--- Excerpted data Enclosed Below ---

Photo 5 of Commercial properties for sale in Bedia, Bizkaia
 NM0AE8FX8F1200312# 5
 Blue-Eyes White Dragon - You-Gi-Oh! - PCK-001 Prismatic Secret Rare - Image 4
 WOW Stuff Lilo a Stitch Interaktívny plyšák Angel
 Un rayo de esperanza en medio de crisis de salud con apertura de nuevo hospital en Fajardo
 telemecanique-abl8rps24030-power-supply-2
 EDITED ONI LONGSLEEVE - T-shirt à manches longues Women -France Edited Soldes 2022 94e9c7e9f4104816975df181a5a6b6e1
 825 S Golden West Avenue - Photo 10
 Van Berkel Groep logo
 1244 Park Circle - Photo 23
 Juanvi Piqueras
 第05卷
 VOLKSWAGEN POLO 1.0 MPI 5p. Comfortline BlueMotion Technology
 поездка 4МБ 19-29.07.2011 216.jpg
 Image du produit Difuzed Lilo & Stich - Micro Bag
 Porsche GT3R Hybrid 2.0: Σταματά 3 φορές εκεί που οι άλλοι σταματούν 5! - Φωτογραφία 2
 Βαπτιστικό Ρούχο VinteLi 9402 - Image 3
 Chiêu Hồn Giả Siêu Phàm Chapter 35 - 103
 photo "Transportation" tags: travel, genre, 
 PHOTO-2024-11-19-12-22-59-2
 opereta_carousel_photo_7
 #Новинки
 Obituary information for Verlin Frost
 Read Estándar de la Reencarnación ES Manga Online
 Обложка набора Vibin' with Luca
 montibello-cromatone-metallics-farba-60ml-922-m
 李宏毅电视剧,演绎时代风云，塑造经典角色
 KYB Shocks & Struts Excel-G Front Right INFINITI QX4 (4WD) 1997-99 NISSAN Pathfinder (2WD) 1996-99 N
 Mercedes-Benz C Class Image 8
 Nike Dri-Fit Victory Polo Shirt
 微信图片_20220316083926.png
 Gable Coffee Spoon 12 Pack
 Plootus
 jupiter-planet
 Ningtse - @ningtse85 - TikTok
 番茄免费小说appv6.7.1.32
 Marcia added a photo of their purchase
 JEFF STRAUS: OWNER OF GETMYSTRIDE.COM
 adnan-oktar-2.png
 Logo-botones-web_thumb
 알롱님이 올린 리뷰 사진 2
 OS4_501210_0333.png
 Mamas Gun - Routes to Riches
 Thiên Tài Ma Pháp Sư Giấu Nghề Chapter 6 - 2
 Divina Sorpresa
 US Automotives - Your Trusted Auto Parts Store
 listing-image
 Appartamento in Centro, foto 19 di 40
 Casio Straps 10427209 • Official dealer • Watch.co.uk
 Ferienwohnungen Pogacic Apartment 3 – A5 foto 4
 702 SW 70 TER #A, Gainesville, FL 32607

--- End of Enclosed Excerpted data ---

Using the records above, pull out each line where the word "Chapter" occurs.

 Chiêu Hồn Giả Siêu Phàm Chapter 35 - 103
 Thiên Tài Ma Pháp Sư Giấu Nghề Chapter 6 - 2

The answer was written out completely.